| Aim of the task |
No pictures go in the copy; everything else in the records below must be output exactly.
* * * * *
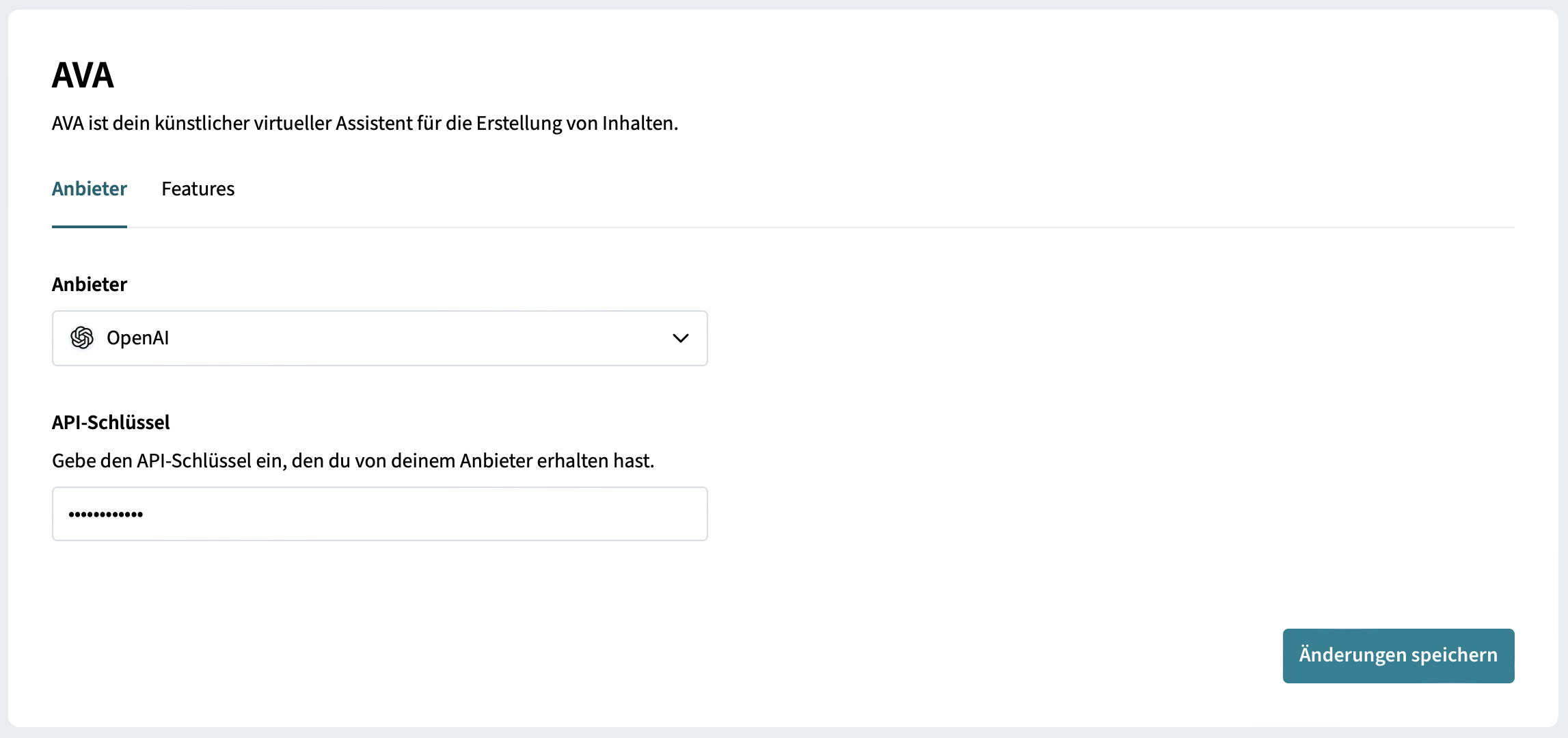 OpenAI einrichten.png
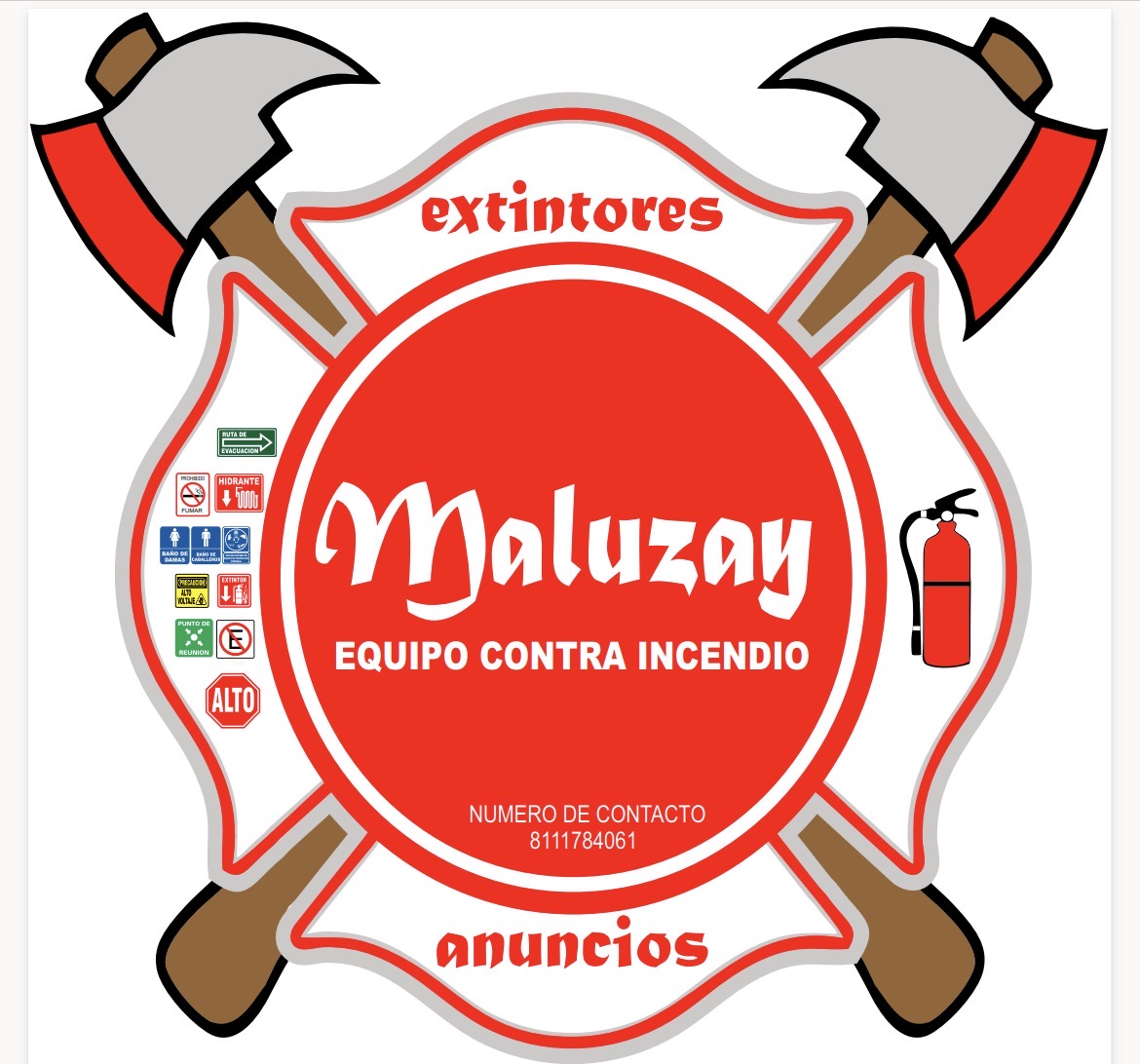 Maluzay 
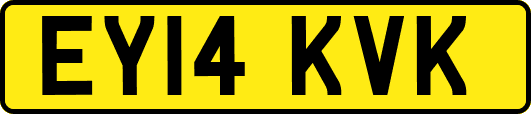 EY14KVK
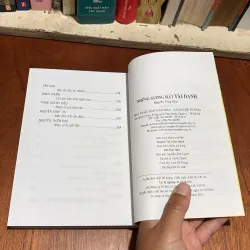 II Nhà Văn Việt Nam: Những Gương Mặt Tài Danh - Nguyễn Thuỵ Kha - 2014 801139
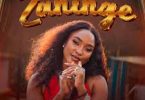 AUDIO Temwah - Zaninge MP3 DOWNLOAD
* * * * *
| Output for this task |
 OpenAI einrichten.png
 Maluzay 
 EY14KVK
 II Nhà Văn Việt Nam: Những Gương Mặt Tài Danh - Nguyễn Thuỵ Kha - 2014 801139
 AUDIO Temwah - Zaninge MP3 DOWNLOAD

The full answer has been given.